Feeling as if Your Children are Causing Marriage Problems?
There are three things couples argue about the most; money, sex, and children. Here is more Christian-based help for those feeling that their children are causing marriage problems.
Your Children are Not the Issue
First of all, the door to disunity always opens from the inside in a marriage. Therefore, your children are not the issue. Ultimately, either one or both of you have poor conflict resolution skills, a lack of peace, and/or a lack of functionality.
God has designed marriage so that no matter the outside force, couples should have an inseparable bond. So the ultimate problem is not with the children as much as your ability as a couple to handle the job of parenting.
United Front
It is so vital to have a united front with the children. This is because children will always take the path of least resistance, and if they find a weaker link in the parents, they will take advantage.
Here are a few tips that I have learned being the father of 7 children:
1. Do not discuss matters in front of the children if you are not in agreement as of yet.
Once children see that there is a foothold to work one parent against the other, they will often use that to their advantage.

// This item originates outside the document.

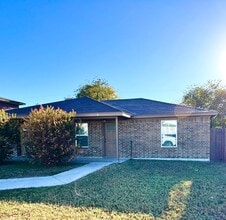 Building Photo - 2012 Cedarhill Dr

By the way, it is not that they are rebellious as much as they are testing the authority figures in their life. That is, children view their parents as a bridge upon which they desire to safely walk. If those parents show signs of weakness, then they will jump up and down on that bridge to see if it is strong enough to hold them.
2. Speak in the we instead of the me.
There is power in numbers. So, stop saying I and use the words we, us, and our more. It has an effect as children are little psychologists, and, deep down, they know what the real deal is.
3. Do not alter your decisions and approach until you have conferred with the other spouse.
I cannot stress this enough. If a parent does not confer with the other before changing the rules or the predetermined plan of action, it will nullify the power of their private talks.
4. Do not argue around the children.
We cover this in chapter 11 of our marriage book, How to Fight for Your Marriage Without Fighting with One Another.
5. Do not gossip behind the back of the other parent with the children.
Honestly, nothing undermines parental authority more than this. Functional families do not gossip about each other.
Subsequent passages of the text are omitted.